Алария чуть слышно рассмеялась, и, шаля, спрятала свои пальцы, ускользая от жадного языка, старающегося приласкать обожаемые руки.
— Эй, эй, не так быстро, — с недобрым удовлетворением произнесла она, насытившись обожанием неизвестного, поскуливающего по ту сторону стены. — Сначала дело.
— Дело пошло бы куда быстрее, — вкрадчиво зашептали разгоряченные губы сквозь сетку переплетенных побегов, — если бы я имел хотя бы небольшую возможность прикоснуться к вам…

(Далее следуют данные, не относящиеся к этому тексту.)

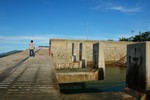DSC_5878e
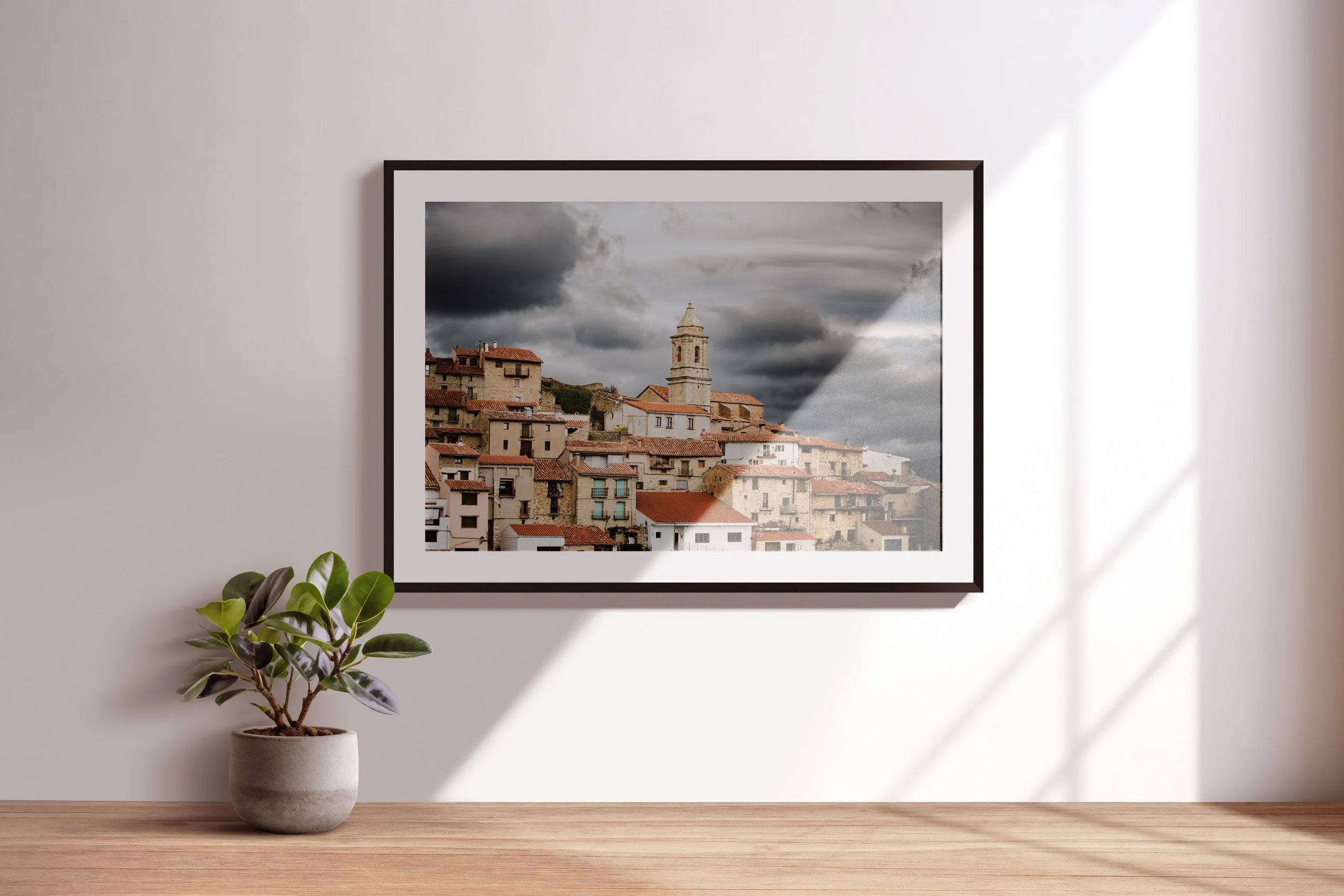 interior-photo-frame-mockup.jpg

— Да? — небрежно и слегка презрительно заметила Алария и, просунув указательный палец сквозь стебли, грубо погрузила его в жадно схвативший его рот.
Несколько секунд неизвестный, постанывая, посасывал и целовал этот пальчик и щекотал языком его подушечку, припав всем телом к стене, а Алария мучила его, то глубже и грубее просовывая его в жаждущий рот, то отнимая свой палец, и на ее красивом лице выписывалось извращенное садистское удовольствие от вида исступленного человека, у которого она отнимала вожделенный объект обожания.